Every start-up brewery has a different story that led them to the decision to go pro, so every new brewery will have a different answer to this question. How you structure your brewery business itself will turn on your brewery size, how many owners you have, how many managers, how many investors, and how well everyone knows each other. It will also turn on your business goals, the rate you want to pay back investors, and where you see your brewery going in the future. Different founders may have different thoughts on these basic issues, so a good starting point to find some answers to these questions is to begin putting together a solid Brewery Operating Agreement.
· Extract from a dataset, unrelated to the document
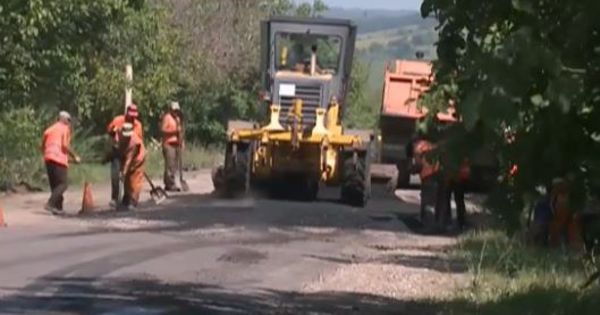 По словам рабочих, они приступили к ремонту три дня назад и ремонтируют только сильно поврежденные участки.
What is a Brewery Operating Agreement?

Essentially, it’s an official document among owners (that frequently contemplates investors) that sets forth how decisions will get made, addresses how profits/losses will be distributed, and lays out all the nuances of ownership interests. Whether you’re a family-owned operation, a start-up brewery among best friends, or you’re planning a massive fundraise, it’s essential to get a Brewery Operating Agreement in place so your business can efficiently function and so that everyone’s on the same page.

Some elements of a good Brewery Operating Agreement may not be obvious but are nevertheless essential, such as including a requirement that any new member (owner) of the business pass TTB / local reg background muster, so the brewery won’t jeopardize its licensure. Here at Reiser Legal, we help make sure Operating Agreements have these essential provisions all the time. Outside of that, though, how you structure your business is truly your call. We frequently make suggestions, especially if the business is planning to raise funds, as certain provisions are more likely to drive investor confidence. Nevertheless, it’s ultimately up to you. Often, it’s most helpful if you create a basic framework for the Brewery Operating Agreement before bringing it to us, or your local lawyer, for us to review and offer suggestions.

Here are just a few points you’ll want to think through in building out your Brewery Operating Agreement, depending on your concerns and business plan, you may have many others, and your beer attorney can help you drive that discussion based on your unique needs and concerns:

  • How much money will each owner put in, if any?
  • Will some individuals be investors, while others will be managers?
  • If you’re seeking investors, what’s the maximum amount of the company you’d want to give up?
  • What value would you consider the company to know how much you’d need to raise to reach that value and maximum investor percentage?
  • Do investors have any first rights to distribution (profit payouts), before managers start earning profits according to their ownership share?
  • How do you want decisions to get made?
  • What decisions do you want to require a Supermajority to make, versus a simple majority?
  • Do you want unanimous decision-making for certain decisions?
  • Are members allowed to sell their shares, or do existing members have the right to buy them if they want first?
  • What happens if something happens to a founder such that he or she can no longer pull the anticipated share of management duties? Who gets shares upon a member’s death?
  • What happens if a founder is doing things the other members disagree with, can a founder be kicked out or what steps must happen first?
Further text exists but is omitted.